Starting the container with “run.sh” ensures the database is initialized and that the root user has a password. Additionally, it installs the memcached plugin and populates the timezone tables. Upon completion, it launches mysqld_safe as the final command.
We can build the image:

docker build -t custom-mysql .

And then start the container:

docker run -d --name custom-mysql -e MYSQL_ROOT_PASSWORD=rootpass -e MYSQL_USERNAME=mysql_user -e MYSQL_PASSWORD=password -e MYSQL_DATABASE=mydb custom-mysql /run.sh

After a few moments, the database will be fully initialized and ready to accept connections.

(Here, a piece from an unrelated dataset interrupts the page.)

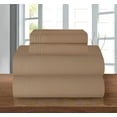 thumbnail image 1 of 1800 Series Deep Pocket 4 Piece Bedding, Luxury Soft Microfiber Full Taupe, 1 of 5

This works OK when you’re manually launching containers, but causes problems with Docker Compose, Elastic Beanstalk, and other platforms that launch containers for you. Our solution is rather simple.

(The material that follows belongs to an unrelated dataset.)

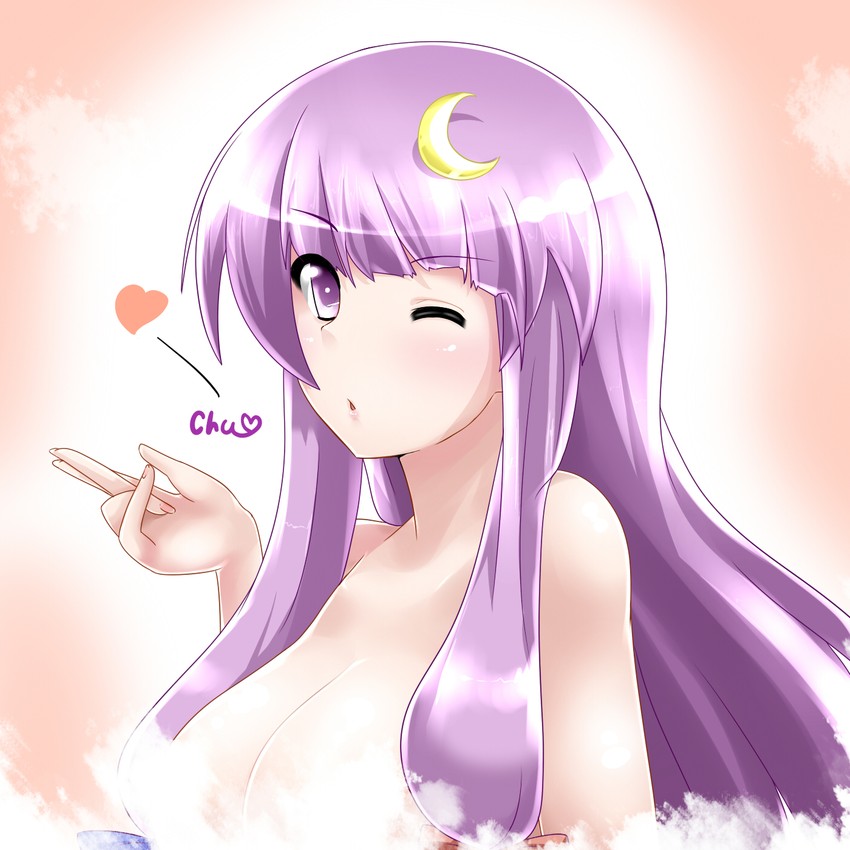 patchouli knowledge (touhou) drawn by miki_purasu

A run script acts as a wrapper around any applications that need to access the database and requires a configurable number of successful connections before launching the application.

Here’s how we do it:

#!/bin/bash
SUCCESSFUL_ATTEMPTS=0
MIN_SUCCESSFUL=5
check_db() {
    python -c "import MySQLdb, os; MySQLdb.connect(host=os.environ.get('MYSQL_HOST'), user=os.environ.get('MYSQL_USERNAME'), passwd=os.environ.get('MYSQL_PASSWORD'));"
    if [ $? -eq 0 ]; then
        SUCCESSFUL_ATTEMPTS=$((SUCCESSFUL_ATTEMPTS+1))
    fi
}

check_db
while [ SUCCESSFUL_ATTEMPTS -lt MIN_SUCCESSFUL ]; do
    check_mysql
    echo "$SUCCESSFUL_ATTEMPTS successful connections. Need $MIN_SUCCESSFUL. Sleeping for 1 second and retrying..."
    sleep 1
done

We include check_db.sh in any run scripts that we use to start our database-dependent applications like so:

#!/bin/bash
. ./check_db.sh
uwsgi -s /tmp/uwsgi.sock -w app

Until our container is able to make 5 successful connections to our MySQL container, the uwsgi process simply won’t start and we can tweak the minimum required connection attempts as needed.

No more launch failures due to unreachable MySQL containers!